After nearly a week of business owners lashing out about the possibility of having to check people’s COVID-19 vaccination status, the Oregon Health Authority released new guidance on Tuesday about what will be required in order to forego masks and social distancing.
According to the guidance, qualifying businesses, employers and faith-based institutions can continue to enforce wearing of masks and social distancing. However, those who are ready to lift those precautions will be required to do three things.
First, a policy must be in place for checking for proof of vaccination status. Second, proof of vaccination status must be requested from each individual. And lastly, proof must be reviewed prior to a person’s entry or admission, according to the guidance.
What does proof of COVID-19 vaccine look like? It could be the physical vaccine record card or a digital picture of one. According to the guidance, it is documentation provided by a tribal, federal, state or local government or health-care provider. It should include a person’s name, date of birth, type of vaccine given, name and location of health-care provider where the vaccine was administered.
It is noteworthy that private residences are listed as places which do not qualify for relaxed guidance. Other places the new rule does not apply to include health-care settings; detention centers, jails and correctional facilities; shelters and transitional housing; K-12 schools; planes, trains and public transportation traveling into, within or outside the U.S.; transportation hubs, such as airports and bus stations; and other settings where the owner or operator chooses to continue enforcing the state’s social distancing mandates and guidance for masks, face coverings and face shields.
Republican leaders in the House and Senate are speaking out against vaccine passports. Senate Republican Leader Fred Girod, R-Lyons, called it “an invasion of privacy,” “dictatorial control,” and called for Gov. Kate Brown to “immediately rescind this misguided edict and trust Oregonians.”
“Vaccine passports are completely contrary to Oregonian’ sense of privacy, Girond said in a news release on Tuesday afternoon.
Girod pointed out that the Biden Administration is pursuing a strategy that ditches plans for a federal vaccine passport, with White House Press Secretary Jen Psaki saying on April 6 that “Americans’ privacy and rights should be protected.”

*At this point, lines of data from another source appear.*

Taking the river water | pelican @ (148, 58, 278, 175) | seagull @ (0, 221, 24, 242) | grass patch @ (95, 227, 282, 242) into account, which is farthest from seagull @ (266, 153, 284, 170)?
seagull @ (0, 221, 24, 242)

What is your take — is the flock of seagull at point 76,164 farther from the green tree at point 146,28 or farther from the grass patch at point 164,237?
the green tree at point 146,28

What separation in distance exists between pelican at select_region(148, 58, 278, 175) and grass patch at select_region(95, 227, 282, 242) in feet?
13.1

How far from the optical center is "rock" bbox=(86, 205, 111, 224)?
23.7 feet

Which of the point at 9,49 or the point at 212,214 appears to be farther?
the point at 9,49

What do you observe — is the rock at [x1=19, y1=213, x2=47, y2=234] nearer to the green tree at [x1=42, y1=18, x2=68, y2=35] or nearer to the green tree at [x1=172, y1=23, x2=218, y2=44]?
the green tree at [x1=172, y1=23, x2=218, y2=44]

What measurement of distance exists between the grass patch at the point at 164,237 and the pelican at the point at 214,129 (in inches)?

Furthermore, Girod points out that Oregon is breaking ground with this mandate.
“To date, Oregon is one of the first, if not the first, to mandate that its residents present credentials to engage in everyday activities without a mask,” said Girod.
Sen. Lynn Findley, R-Vale, said he “completely agrees with the Senate GOP leader.

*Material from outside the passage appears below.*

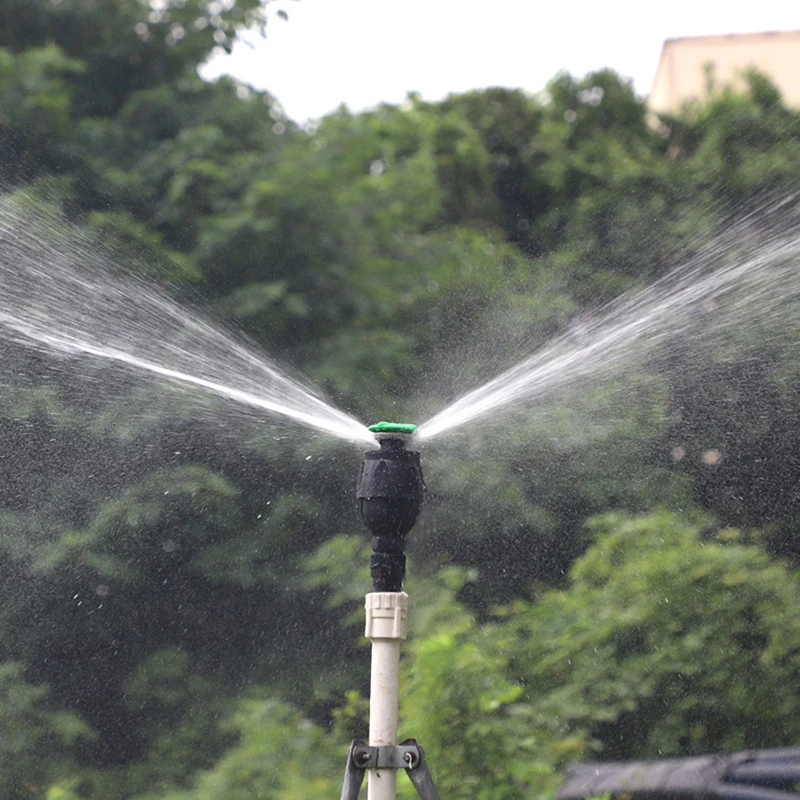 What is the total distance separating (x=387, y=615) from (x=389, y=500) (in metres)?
0.18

“We need to open up Oregon more, and the road to a vaccine passport is certainly the wrong way to go about it,” he said in a phone message to the newspaper on Wednesday night.
House GOP Leader Christine Drazan also said that requiring Oregonians to verify vaccine status “also creates additional liability concerns for the state and businesses, as business owners are turned into state actors.”
The only other option, to require all customers to wear masks regardless of their status, is “contrary to the Centers for Disease Control guidance.”
Drazan also cited the White House and CDC stating that the federal government “will never support a vaccine verification system, nor have they mandated that businesses do so.”
Oregon should not be at odds with recommendation from the federal government, she stated, adding that restrictions should be easing.
“The choice should be returned to people and businesses so they can follow the latest guidance from the CDC without unwarranted government mandates,” Drazan said.
Some worry the mandates will not end.
“At every turn, Gov. Brown has mistrusted Oregonians to protect themselves and each other,” stated Girod. “If she can’t give Oregonians their freedom back now, when will she?”